If $f\in H$ is an eigenvalue of $T$ with eigenvector $\mu\in K$ then we have $f(a)=0$ whenever $B_{r_a}(z_a)\cap K=\emptyset$. So, $(\lambda-T)Wf(a)=W(\lambda-T)f(a)=f(a)$ for all $a\in[N]^m$ with $m\ge n$. So, if we also have $f\in H_K$, then $$ c^{-n}U^nW(\lambda-T)f=f. $$ So, $L\Vert(\lambda-T)f\Vert\ge\Vert f\Vert$ for all $f\in H_K$, where I have set $L=\vert c\vert^{-n}\Vert U^n\Vert$. We can define $(\lambda-T_K)$ first by defining on the eigenvectors with eigenvalues $\mu\in K$ (which is just multiplication by $(\lambda-\mu)^{-1}$, so is well defined), noting that this is a linear map on the space generated by the eigenvalues with norm bounded by $L$ and, hence, has a unique continuous extension to $H_K$. So, $\lambda\not\in\sigma(T_K)$, showing that $\sigma(T_K)\subseteq K$ as required.

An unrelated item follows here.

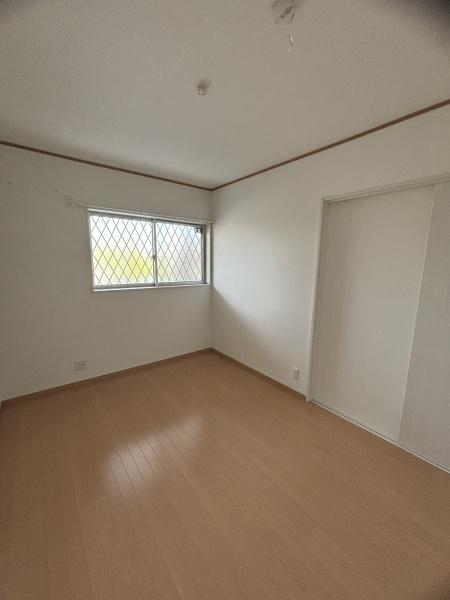 クロトリハイツ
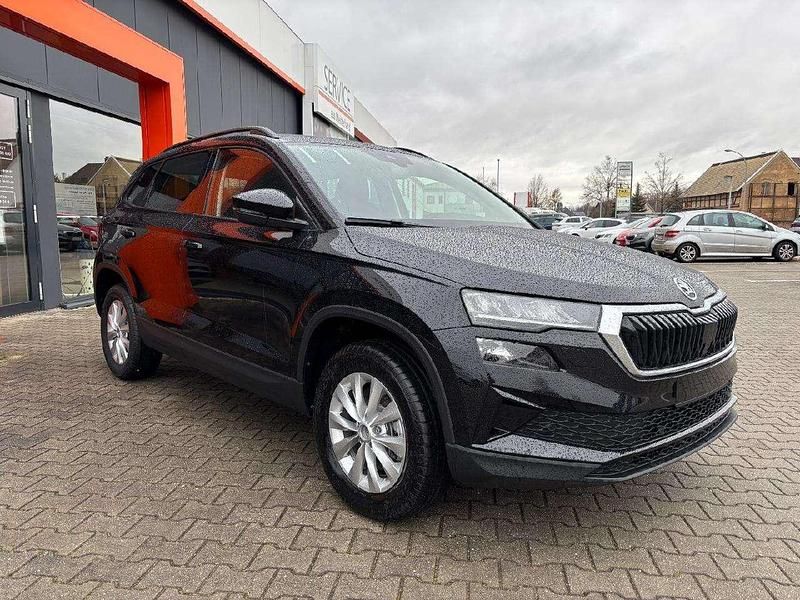 Neu Skoda Karoq Selection 150 PS (110 kW) 2026 Schwarzmagic perleffekt SUV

Now, consider the case where $K_1$ is an Fσ set and $K_2$ is its closure (assumed to be nonempty and bounded). Then, we can write $K_1=\bigcup_{n=1}^\infty K_{1,n}$ for nonempty closed sets $K_{1,n}$. By scaling, we suppose that $K_2\subseteq\bar B_{1/2}(0)$. Let $H$ be the separable Hilbert space and $T\colon H\to H$ be the bounded linear map described above. Then, $H_{K_{1,n}}$ is the closed subspace of $H$ generated by the eigenvectors of $T$ with eigenvalues in $K_{1,n}$ and $T_{K_{1,n}}\colon H_{K_{1,n}}$ is the restriction of $T$ to $H_{K_{1,n}}$. As explained above, $\sigma_p(T_{K_{1,n}})=\sigma(T_{K_{1,n}})=K_{1,n}$. Also, $\Vert T_{K_{1,n}}\Vert\le\Vert T\Vert$. Set $\tilde H=\oplus_n H_{K_{1,n}}$ which is a separable Hilbert space, so is isomorphic to $\ell^2$. Define $\tilde T\colon\tilde H\to\tilde H$ by $\tilde T\oplus_n T_{K_{1,n}}$. This is a bounded linear map with $\Vert\tilde T\Vert\le\Vert T\Vert$ and point spectrum $\bigcup_n K_{1,n}=K_1$. It just needs to be shown that $\sigma(\tilde T)\subseteq K_2$ or, equivalently, for any $\lambda\in\mathbb{C}\setminus K_2$ that $\lambda-\tilde T$ is invertible. If its inverse exists, it must be of the form $(\lambda-\tilde T)^{-1}=\oplus_n(\lambda-T_{K_{1,n}})^{-1}$ which has norm $\sup_n\Vert(\lambda-T_{K_{1,n}})^{-1}\Vert$. It needs to be shown that this norm is finite. Note that, as $\lambda\not\in K_2$ then $\lambda-T_{K_2}$ is invertible, and $\lambda-T_{K_{1,n}}$ is just its restriction to $H_{K_{1,n}}$. So, $\Vert(\lambda-T_{K_{1,n}})^{-1}\Vert\le\Vert(\lambda-T_{K_2})^{-1}\Vert$ is bounded independently of $n$, as required.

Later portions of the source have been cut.